そして先日、同じく松坂世代の楽天イーグルスの渡辺直人選手が、引退を表明しました。
セ・リーグの赤い球団をひいきに見ている自分としては、他球団、特にパ・リーグの選手はそこまで詳しくないのですが、松坂選手が高校時代から脚光を浴び、鳴り物入りで西武に入団したのとは対照的に、渡辺選手は学生時代はそこまで目立つこともなく、社会人野球を経験してから26歳という遅いプロ入りでした。
ホームランや打率でタイトルをとることもなかったので、そこまで記憶に残っているプレーはないのですが、ひとつだけ強烈に記憶に残っていることがあります。
2010年、チームの事情で、渡辺選手がトレードで横浜へ移籍することになりました。
渡辺選手は自分を育ててくれた楽天への思いから、記者会見で泣きました。
すると次の日、契約更改の場で、チームメイトの鉄平、嶋、草野の3選手も号泣したのです。
自分が今季の活躍で、来季提示された年俸で契約しましたって発表の場で、カメラの前で大人が
「なんで直人さんがトレードでチームを出なきゃいけないんですか」って
悔しさをあらわに号泣するのです。
普通、プロスポーツ選手なんて、ライバルに勝って自分が活躍してたくさんお金を稼げればいいんじゃないかと、単純に思ってしまうし(自分も元アスリートのはしくれでそんな人をよく見てきました)、こういう業界なら仕方ないと理解も必要なのですが、他人のためにそこまで泣けるのかって、どんな選手だったのだろうって興味がわいた記憶がありました。
とにかく面倒見がよく、助言を惜しまない。どんな人であれ臆さず自分の意見を伝える渡辺直人という選手は、チームメイトに愛された、人間力にあふれた選手だったということでしょう。

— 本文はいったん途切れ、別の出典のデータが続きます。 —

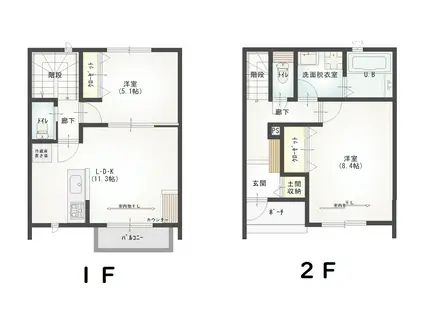ドルチェヴィラ(2LDK)の間取り写真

もし、明日、自分が会社をクビになったら、号泣してくれる人はいるだろうか?
全力で救ってくれる人はいるだろうか?
今日もひとり会社を辞めるという連絡が入ってきました。
いろんな感情が巡り寂しいけど、とても泣けるといった状況ではありません。
人間力って何なのかを考えさせる存在が渡辺直人選手でした。